Joint care for dogs

 Helping our four legged friends keep mobile

The older a dog, the more likely they are to develop an issue with their bones and joints and studies have shown a high incidence of chronic osteoarthritis in our senior pets. Whether or not your dog will be affected is influenced by a number of factors including their lifestyle, weight and genetics; with breeds such as the Labrador, German Shepherd and Bulldog being over-represented.

While some degree of joint disease may be inevitable in many of our four-legged friends, there are a number of things that we can do to slow the onset of this and to help them live as normal a life as possible.

 


Springer Spaniel with Joint Care food

 

1) Feeding a diet formulated for joint health is one of the simplest and most effective ways to support our dogs’ skeletons as they age. Pooch & Mutt’s Joint Care Diet contains ingredients such as salmon, green lipped mussel and linseed which provide Omega 3 fatty acids, essential for increasing local blood supply and reducing inflammation and stiffness. On top of this, it is a source of Glucosamine and Chondroitin, which can help prevent cartilage breakdown.

2) Providing natural joint supplements is a great option for many and they can be easily added to any diet. Pooch & Mutt’s ‘Mobile Bones are a tasty supplement with a whopping 16 active ingredients that promote joint health, including Selenium, which may enable healthy cartilage development.

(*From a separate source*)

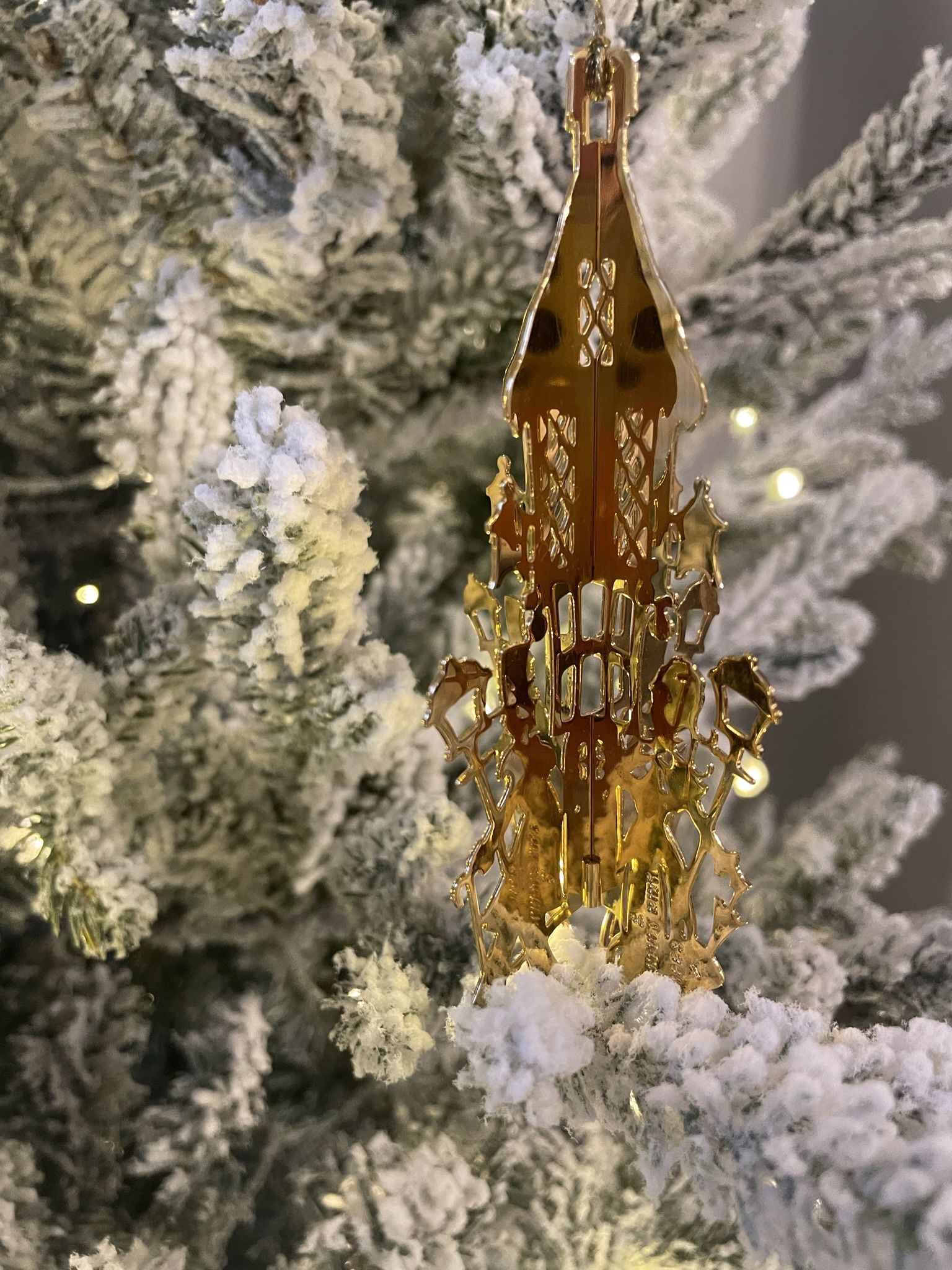 Vintage Danbury Mint Gold Man & Woman Street Scene Victorian Christmas Ornament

3) Avoiding obesity is critical when it comes to good mobility as carrying extra weight will exacerbate any underlying skeletal issue. Owners should be familiar with the ‘Body Condition Score’ and ensure their pet remains in the healthy range, particularly during their senior years. As a dog’s metabolism can slow as they get older and many will become less active, it can be sensible to change them on to a senior diet and to tailor their calories rather than feeding them the same amount they have been given since they were one year old.

4) Consistency is key when it comes to exercise. While it’s important to not overdo it and tire our dogs out to the point that they are aching the next day, it is beneficial to get them out and about each day to keep them active and mobile. We want to avoid being ‘weekend warriors’ whereby we bring Rex on a 10 mile hike on the weekend but only for a quick trot around the block during the week, as this can be hard for the body of an older dog to tolerate.

5) Adjunctive therapies such as acupuncture, massage and hydrotherapy play a huge role when it comes to supporting joints and minimising pain. Some insurance companies will even cover the cost of these beneficial procedures.

6) There is very often a place for medications such as pain relief and anti-inflammatories when it comes to a joint disease treatment plan and, rather than being wary of them, we should embrace the clear improvements many dogs will show once started on the medicine. There can be a fear of side effects but nowadays, most medications are extremely well tolerated over long periods of time and their benefits generally outweigh the risks associated with them.